# [Requirement]
For the material below, reproduce exactly each line from the one that has "Wohnen Vitrine in" through the one that has "Classic silver stainless", and no others; pictures stay out.

Top of Dataset records

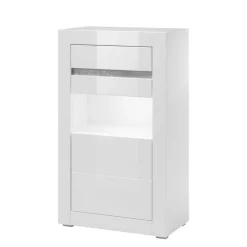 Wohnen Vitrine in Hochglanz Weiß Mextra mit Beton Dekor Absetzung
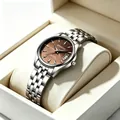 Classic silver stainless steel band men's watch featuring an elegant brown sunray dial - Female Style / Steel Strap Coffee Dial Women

Bottom of Dataset records
Top of Dataset records

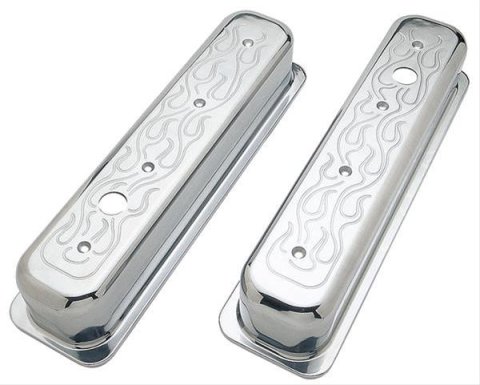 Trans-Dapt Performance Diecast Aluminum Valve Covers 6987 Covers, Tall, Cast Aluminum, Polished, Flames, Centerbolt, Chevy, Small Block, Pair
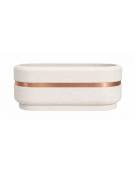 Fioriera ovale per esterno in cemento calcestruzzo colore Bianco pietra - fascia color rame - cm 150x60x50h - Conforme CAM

Bottom of Dataset records

# [Answer to this exercise]
 Wohnen Vitrine in Hochglanz Weiß Mextra mit Beton Dekor Absetzung
 Classic silver stainless steel band men's watch featuring an elegant brown sunray dial - Female Style / Steel Strap Coffee Dial Women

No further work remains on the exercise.